Hooper had 2,581 households with an average size of 3.52, of which 2,275 (88.1%) were families and 306 (11.9%) were non-families; 1,289 (49.9%) of households had children under the age of 18. Among all households, 77.2% were married-couple households, 10.2% were households with a male householder and no spouse or partner present, and 9.7% were households with a female householder and no spouse or partner present. About 9.3% of all households were made up of individuals and 4.9% had someone living alone who was 65 years of age or older.

There were 2,622 housing units, of which 1.6% were vacant; the homeowner vacancy rate was 0.4% and the rental vacancy rate was 3.8%. Of occupied units, 2,453 (95.0%) were owner-occupied while 128 (5.0%) were renter-occupied.

83.8% of residents lived in urban areas, while 16.2% lived in rural areas.

Racial composition as of the 2020 census
| Race | Number | Percent |
|---|---|---|
| White | 8,166 | 89.9% |
| Black or African American | 45 | 0.5% |
| American Indian and Alaska Native | 46 | 0.5% |
| Asian | 74 | 0.8% |
| Native Hawaiian and Other Pacific Islander | 12 | 0.1% |
| Some other race | 259 | 2.9% |
| Two or more races | 485 | 5.3% |
| Hispanic or Latino (of any race) | 719 | 7.9% |

===2020 American Community Survey===

According to the 2020 American Community Survey, the median income for a Hooper household was $100,347 and the median family income was $110,500, with a per-capita income of $33,243. The median income for males who were full-time employees was $74,708 and for females it was $46,211. 3.1% of the population and 2.6% of families were below the poverty line.

Of the 5,212 people in Hooper 25 years or older, 101 (1.9%) had not completed high school, 1,281 (24.6%) had a high school diploma or equivalency, 2,265 (43.5%) had some college or an associate degree, 1,035 (19.9%) had a bachelor's degree, and 530 (10.2%) had a graduate or professional degree.

==Government==
The mayor of Hooper is Sheri Bingham

Hooper also has a city council that consists of five members representing six districts. Three members represent two districts each and the other two members are at large representatives.

===Federal Representation===
Hooper is located in Utah's First Congressional District. For the 119th United States Congress, Utah's First Congressional District is represented by Blake Moore (R).

==Attractions==
Hooper is famously known for housing the Hooper Tomato Days, which takes place annually during the last week of August through the first week of September, including labor day weekend. With over 8,000 attendees every year, they host a variety of events to entertain the masses.
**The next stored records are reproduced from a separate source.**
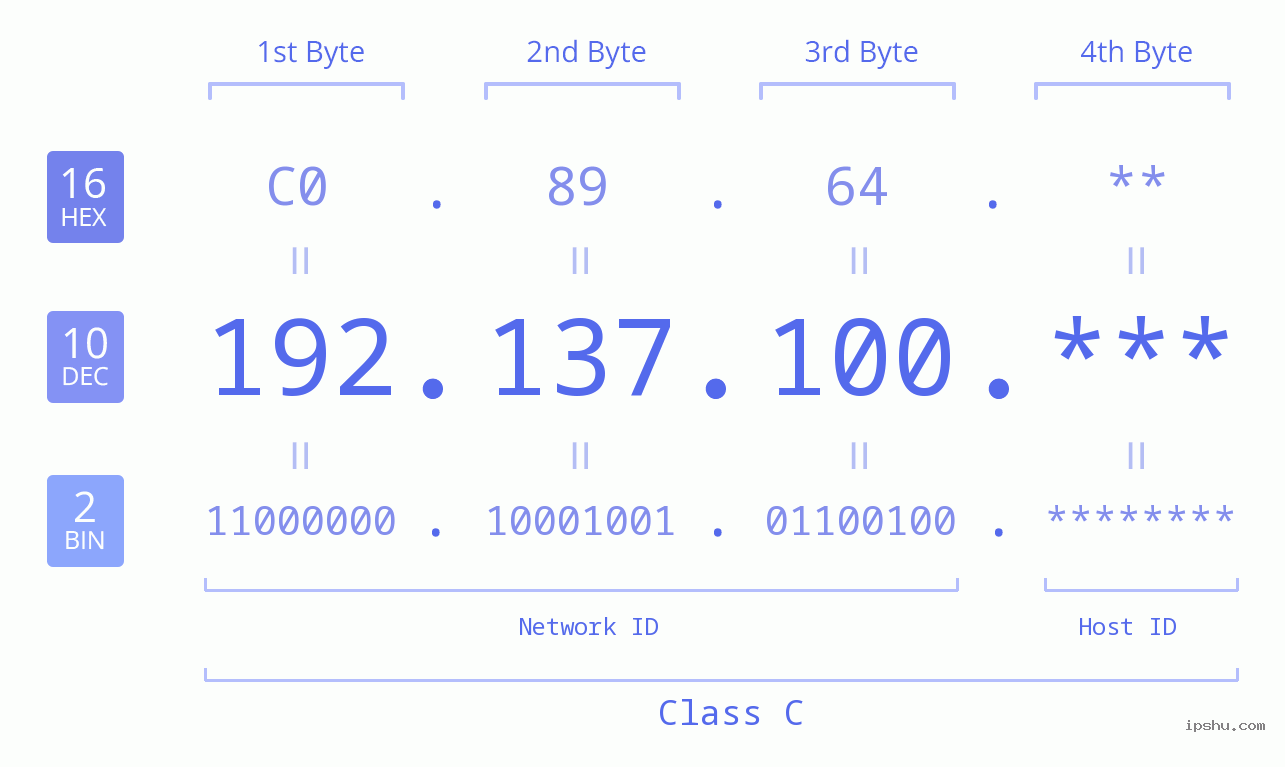 IP Address: 192.137.100 Data Structure Chart BIN DEC HEX IPv4: 192.137.100 Network Class, Net ID, Host ID
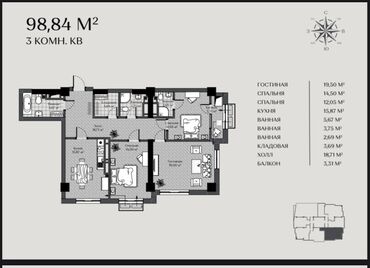 квартира одно комнат: 3 комнаты, 98 м², Элитка, 15 этаж, ПСО (под самоотделку)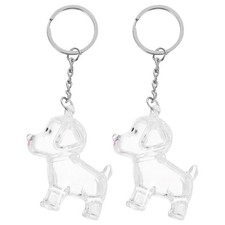 2 Pcs Pet Hair Memorial Bottle With Keychain For Dog Keepsake Holder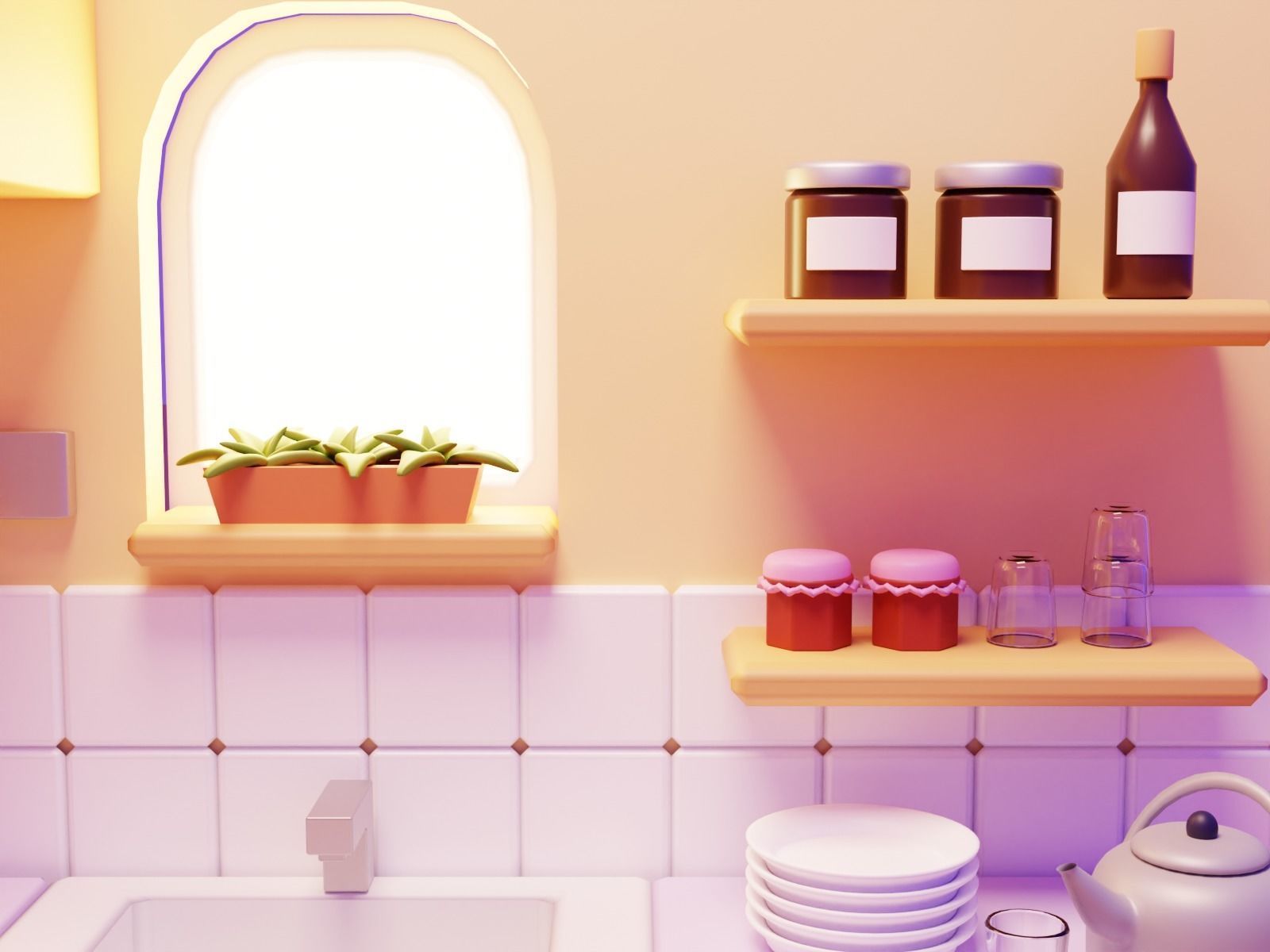 Interior Kitchen Room with Furniture and Kitchen Item Pack Low-poly 3D model_2
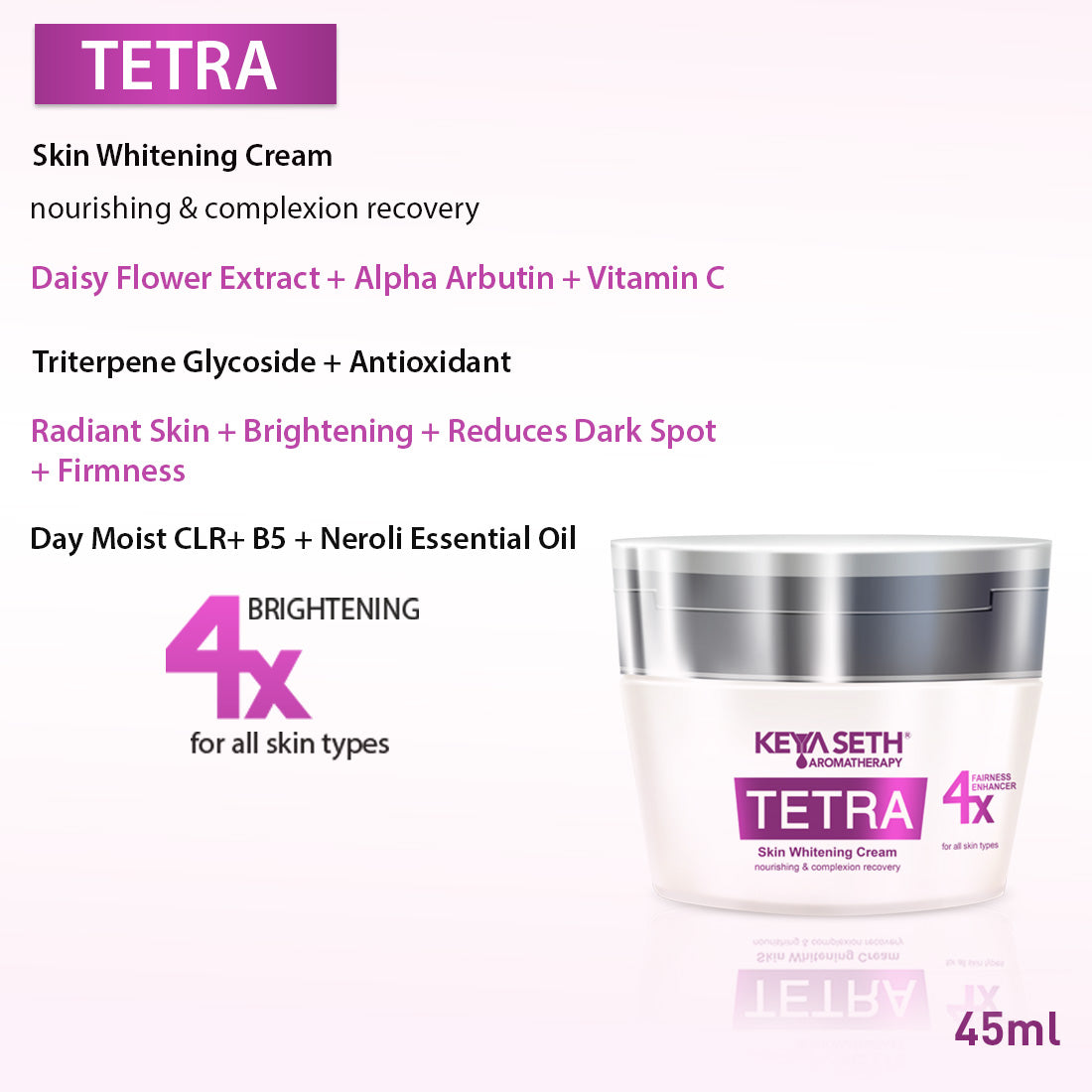 Tetra Skin Whitening Cream, Alpha Arbutin, Niacinamide, Vitamin C, Daisy Extract & Neroli for Radiant Glow & Luminous Complexion, Age Spots & Melasma - Keya Seth Aromatherapy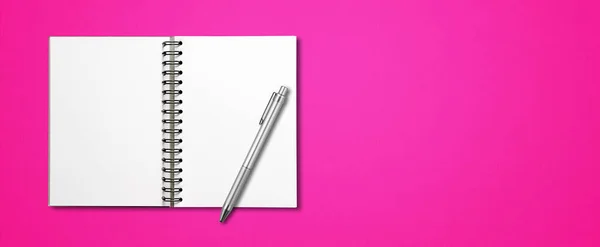 Пустая Открытая Спираль Макет Ноутбука Ручка Изолированы Розовом Горизонтальном Баннере — стоковое фото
Some of these events include Horse Shows, Rodeos, Pageants, Parades, Vendor Booths, Food, Fireworks and the most popular event, The Dog Race.

Historically, the Tomato Days were known to celebrate the harvest of the towns tomatoes, grown by local residents. However, over the nearly 100 years the Tomato Days have been held, the large tomato fields have become less popular. The event is now used to bring together the farming community in celebration and fun.